Erkek ve kadın yok müzisyen var

Gizem ERTÜRK

Müzik dünyasına unutulmayacak sesler kazandıran Kenan Doğulu sahnesinden tanıdığımız Duygu Soylu ile yine Doğulu prodüktörlüğünde hazırlanan ilk albümü Kara Elmas’ı konuştuk.
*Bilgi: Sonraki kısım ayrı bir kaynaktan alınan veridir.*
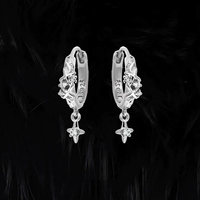 Anting Perak Zirkon Bintang Gaya Keren EK621 Unisex Serbaguna Desain Unik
► Kenan Doğulu ile tanışma hikâyeni anlatır mısın?
Üniversite yıllarımı geçirdiğim Ankara’da uzun yıllar sahne aldığım 'Zeki Bar'da yine bir gece programımızı dinlemeye gelen sevgili Ozan Doğulu ile tanıştım. Sohbetimizin sonunda bana yaptığı albüm teklifini, devam eden eğitimimden dolayı nazikçe geri çevirdikten sonra “O halde vokalistimiz olmaya ne dersin? Böylece hem kopmamış ve birlikte çalışmış oluruz” demesi üzerine beni ikna etmesi sonucu sevgili Kenan ile tanıştırmış ve bu günlere gelmemize vesile olmuştur.


► Ne kadar süre birlikte çalıştınız? Sana neler kattı?
13 yıl olmuş birlikte çalışalı... 2007 yılıymış başladığım sene, inanılır gibi değil. Hayat cidden çok hızlı geçiyor. Bana ise hâlâ dün gibi geliyor. Onca konserler, turneler, festivaller, albüm kayıtları... Farkında olmadan bana ve tüm ekibe kattığı o kadar çok şey vardır ki Kenancığımın... Şahsen benim öğrendiklerimin en başında ekibini her zaman çok iyi seçmesi, her birimizi ailesi gibi görmesi, sahneye çıktığında gemisini “yani ekibini” en zorlu şartlarda bile nasıl ustalıkla kullandığı, sevdikleri için yapamayacağı hiç bir şey olmaması, çalışkanlığı, yaratıcılığı, sahnedeki cambazlığı, ışığı ve büyüleyici enerjisiyle her zaman minnettar olacağım müthiş ivmeler kazandırmış olmasıdır benim için.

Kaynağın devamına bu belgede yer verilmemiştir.